Data provided —
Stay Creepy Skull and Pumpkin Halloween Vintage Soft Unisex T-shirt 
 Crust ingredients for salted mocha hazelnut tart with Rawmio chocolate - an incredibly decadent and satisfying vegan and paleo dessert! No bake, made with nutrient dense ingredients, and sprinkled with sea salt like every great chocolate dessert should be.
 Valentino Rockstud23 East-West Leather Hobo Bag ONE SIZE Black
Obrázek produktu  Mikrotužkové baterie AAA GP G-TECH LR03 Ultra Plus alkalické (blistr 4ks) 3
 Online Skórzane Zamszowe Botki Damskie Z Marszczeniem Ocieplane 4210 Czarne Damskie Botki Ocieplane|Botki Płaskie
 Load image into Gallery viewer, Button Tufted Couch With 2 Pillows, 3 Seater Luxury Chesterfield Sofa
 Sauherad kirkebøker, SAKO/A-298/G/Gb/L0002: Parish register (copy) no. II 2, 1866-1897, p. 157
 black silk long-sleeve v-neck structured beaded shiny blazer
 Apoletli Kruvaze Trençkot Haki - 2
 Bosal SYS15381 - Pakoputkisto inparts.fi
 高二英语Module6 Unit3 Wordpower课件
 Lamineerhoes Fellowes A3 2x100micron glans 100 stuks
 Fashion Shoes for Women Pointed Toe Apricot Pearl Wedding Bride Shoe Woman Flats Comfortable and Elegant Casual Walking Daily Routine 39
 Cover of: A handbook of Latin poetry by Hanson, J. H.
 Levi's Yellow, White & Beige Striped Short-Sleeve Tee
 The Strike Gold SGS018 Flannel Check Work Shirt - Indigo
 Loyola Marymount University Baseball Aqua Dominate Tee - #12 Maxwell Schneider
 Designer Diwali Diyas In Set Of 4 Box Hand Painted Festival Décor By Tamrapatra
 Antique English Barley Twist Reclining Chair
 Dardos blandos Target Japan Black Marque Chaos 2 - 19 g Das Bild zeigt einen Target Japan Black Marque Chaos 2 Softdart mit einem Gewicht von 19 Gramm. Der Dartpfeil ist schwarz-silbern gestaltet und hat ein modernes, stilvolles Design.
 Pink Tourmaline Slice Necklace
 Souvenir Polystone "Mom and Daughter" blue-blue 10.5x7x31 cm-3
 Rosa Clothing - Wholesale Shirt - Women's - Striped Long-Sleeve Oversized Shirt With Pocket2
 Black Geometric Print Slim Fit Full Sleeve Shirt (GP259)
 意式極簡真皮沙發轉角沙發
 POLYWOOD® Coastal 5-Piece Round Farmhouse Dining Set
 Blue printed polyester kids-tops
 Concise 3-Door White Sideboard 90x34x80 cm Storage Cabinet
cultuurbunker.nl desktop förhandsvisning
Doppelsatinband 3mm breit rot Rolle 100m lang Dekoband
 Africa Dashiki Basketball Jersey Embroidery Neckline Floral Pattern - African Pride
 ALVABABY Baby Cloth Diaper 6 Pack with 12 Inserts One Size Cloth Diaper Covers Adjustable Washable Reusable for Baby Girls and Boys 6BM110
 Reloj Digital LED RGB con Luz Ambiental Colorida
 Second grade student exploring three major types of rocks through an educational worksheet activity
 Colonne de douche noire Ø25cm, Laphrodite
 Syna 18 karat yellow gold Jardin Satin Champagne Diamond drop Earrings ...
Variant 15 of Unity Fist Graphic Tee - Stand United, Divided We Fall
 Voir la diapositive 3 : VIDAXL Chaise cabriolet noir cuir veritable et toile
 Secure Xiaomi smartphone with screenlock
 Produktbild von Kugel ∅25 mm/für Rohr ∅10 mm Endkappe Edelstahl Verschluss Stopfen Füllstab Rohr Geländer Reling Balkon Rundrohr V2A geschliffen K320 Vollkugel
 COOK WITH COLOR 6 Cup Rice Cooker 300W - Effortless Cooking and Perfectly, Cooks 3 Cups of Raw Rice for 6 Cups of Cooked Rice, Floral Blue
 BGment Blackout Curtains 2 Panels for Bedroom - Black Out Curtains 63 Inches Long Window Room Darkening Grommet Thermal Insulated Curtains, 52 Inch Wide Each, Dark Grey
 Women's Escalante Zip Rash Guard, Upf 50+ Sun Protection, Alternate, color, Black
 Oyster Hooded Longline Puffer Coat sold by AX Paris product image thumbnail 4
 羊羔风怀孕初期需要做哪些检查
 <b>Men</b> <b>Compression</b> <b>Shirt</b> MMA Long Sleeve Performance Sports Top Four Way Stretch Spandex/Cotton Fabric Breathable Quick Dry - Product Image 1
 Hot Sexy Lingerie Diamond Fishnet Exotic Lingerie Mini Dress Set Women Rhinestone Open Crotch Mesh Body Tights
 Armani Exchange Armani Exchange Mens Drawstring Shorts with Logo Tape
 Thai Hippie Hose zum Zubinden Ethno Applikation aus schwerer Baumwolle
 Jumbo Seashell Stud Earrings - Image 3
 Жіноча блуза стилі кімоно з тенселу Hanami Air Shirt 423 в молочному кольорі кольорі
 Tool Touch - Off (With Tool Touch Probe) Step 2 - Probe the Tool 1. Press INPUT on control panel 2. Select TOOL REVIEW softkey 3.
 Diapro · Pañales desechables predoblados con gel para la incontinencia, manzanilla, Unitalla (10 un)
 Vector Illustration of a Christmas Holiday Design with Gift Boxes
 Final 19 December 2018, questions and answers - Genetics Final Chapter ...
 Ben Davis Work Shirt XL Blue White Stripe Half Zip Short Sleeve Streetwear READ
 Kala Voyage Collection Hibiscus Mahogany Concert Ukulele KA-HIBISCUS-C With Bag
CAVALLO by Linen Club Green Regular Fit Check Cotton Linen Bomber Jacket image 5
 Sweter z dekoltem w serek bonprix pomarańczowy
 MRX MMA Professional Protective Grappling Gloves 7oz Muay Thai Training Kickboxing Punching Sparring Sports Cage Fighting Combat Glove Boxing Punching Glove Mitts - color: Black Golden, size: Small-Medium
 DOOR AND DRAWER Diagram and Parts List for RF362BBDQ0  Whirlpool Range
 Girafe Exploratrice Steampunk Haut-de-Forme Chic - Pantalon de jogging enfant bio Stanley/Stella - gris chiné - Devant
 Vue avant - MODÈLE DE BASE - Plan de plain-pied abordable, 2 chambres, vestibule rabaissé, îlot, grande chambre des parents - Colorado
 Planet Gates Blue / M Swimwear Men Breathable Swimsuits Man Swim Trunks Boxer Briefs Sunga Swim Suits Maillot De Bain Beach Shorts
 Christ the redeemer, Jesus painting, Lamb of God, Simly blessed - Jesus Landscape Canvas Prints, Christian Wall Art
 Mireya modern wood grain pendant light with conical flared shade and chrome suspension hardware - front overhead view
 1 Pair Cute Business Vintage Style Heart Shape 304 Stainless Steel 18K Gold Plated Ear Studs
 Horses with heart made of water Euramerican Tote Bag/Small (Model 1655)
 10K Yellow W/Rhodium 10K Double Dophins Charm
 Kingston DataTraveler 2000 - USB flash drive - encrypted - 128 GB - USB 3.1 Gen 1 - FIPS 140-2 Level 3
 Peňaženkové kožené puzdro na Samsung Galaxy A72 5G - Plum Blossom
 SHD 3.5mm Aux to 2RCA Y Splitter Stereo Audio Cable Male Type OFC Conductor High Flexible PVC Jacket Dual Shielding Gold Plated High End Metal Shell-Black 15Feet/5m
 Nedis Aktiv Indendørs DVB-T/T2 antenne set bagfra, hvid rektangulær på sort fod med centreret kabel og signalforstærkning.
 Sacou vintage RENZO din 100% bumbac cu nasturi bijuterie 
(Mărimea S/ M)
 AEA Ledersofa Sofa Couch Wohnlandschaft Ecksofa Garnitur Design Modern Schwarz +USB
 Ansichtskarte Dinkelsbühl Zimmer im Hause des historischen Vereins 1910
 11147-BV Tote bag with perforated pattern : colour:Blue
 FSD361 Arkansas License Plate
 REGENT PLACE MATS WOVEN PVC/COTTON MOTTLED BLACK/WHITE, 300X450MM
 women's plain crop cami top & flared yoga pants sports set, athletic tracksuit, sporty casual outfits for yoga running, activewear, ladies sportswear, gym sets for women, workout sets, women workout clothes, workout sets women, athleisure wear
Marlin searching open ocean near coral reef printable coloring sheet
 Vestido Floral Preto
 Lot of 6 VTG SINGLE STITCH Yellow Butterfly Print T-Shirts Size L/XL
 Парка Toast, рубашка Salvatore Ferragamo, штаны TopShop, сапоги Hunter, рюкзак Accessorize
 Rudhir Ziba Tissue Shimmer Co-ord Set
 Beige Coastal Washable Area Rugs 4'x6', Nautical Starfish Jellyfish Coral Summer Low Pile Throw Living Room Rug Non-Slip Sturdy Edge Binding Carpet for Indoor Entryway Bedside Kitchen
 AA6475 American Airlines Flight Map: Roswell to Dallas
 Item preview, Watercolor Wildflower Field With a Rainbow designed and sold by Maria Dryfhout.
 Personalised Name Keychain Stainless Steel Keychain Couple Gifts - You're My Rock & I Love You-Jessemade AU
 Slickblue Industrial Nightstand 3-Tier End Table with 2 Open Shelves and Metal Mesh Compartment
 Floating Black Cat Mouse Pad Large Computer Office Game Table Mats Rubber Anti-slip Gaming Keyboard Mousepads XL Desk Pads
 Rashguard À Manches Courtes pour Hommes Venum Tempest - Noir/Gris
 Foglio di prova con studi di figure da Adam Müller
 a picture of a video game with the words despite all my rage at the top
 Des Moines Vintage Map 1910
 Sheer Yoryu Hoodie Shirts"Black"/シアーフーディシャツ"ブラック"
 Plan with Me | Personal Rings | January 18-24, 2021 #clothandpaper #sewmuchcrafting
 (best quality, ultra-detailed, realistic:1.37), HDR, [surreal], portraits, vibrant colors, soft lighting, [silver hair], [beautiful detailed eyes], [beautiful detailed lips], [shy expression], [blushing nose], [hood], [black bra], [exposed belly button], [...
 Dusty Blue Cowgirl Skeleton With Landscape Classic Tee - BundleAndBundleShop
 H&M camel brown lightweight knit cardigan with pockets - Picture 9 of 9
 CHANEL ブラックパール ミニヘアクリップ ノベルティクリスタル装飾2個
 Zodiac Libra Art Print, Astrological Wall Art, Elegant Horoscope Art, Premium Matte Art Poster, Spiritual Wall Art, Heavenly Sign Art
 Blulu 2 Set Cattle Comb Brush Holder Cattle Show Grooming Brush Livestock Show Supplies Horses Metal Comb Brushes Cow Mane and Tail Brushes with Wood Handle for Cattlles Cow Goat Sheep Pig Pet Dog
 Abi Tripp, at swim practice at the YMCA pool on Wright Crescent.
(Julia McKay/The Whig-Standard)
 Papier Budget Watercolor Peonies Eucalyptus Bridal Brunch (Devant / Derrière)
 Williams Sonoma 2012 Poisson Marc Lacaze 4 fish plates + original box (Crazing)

Your objective — Reproduce exactly the lines of the records above from the one with "blue-blue 10.5x7x31 cm-3" to the one with "Produktbild von Kugel", both included, and leave out everything else.

Exercise output —
 Souvenir Polystone "Mom and Daughter" blue-blue 10.5x7x31 cm-3
 Rosa Clothing - Wholesale Shirt - Women's - Striped Long-Sleeve Oversized Shirt With Pocket2
 Black Geometric Print Slim Fit Full Sleeve Shirt (GP259)
 意式極簡真皮沙發轉角沙發
 POLYWOOD® Coastal 5-Piece Round Farmhouse Dining Set
 Blue printed polyester kids-tops
 Concise 3-Door White Sideboard 90x34x80 cm Storage Cabinet
cultuurbunker.nl desktop förhandsvisning
Doppelsatinband 3mm breit rot Rolle 100m lang Dekoband
 Africa Dashiki Basketball Jersey Embroidery Neckline Floral Pattern - African Pride
 ALVABABY Baby Cloth Diaper 6 Pack with 12 Inserts One Size Cloth Diaper Covers Adjustable Washable Reusable for Baby Girls and Boys 6BM110
 Reloj Digital LED RGB con Luz Ambiental Colorida
 Second grade student exploring three major types of rocks through an educational worksheet activity
 Colonne de douche noire Ø25cm, Laphrodite
 Syna 18 karat yellow gold Jardin Satin Champagne Diamond drop Earrings ...
Variant 15 of Unity Fist Graphic Tee - Stand United, Divided We Fall
 Voir la diapositive 3 : VIDAXL Chaise cabriolet noir cuir veritable et toile
 Secure Xiaomi smartphone with screenlock
 Produktbild von Kugel ∅25 mm/für Rohr ∅10 mm Endkappe Edelstahl Verschluss Stopfen Füllstab Rohr Geländer Reling Balkon Rundrohr V2A geschliffen K320 Vollkugel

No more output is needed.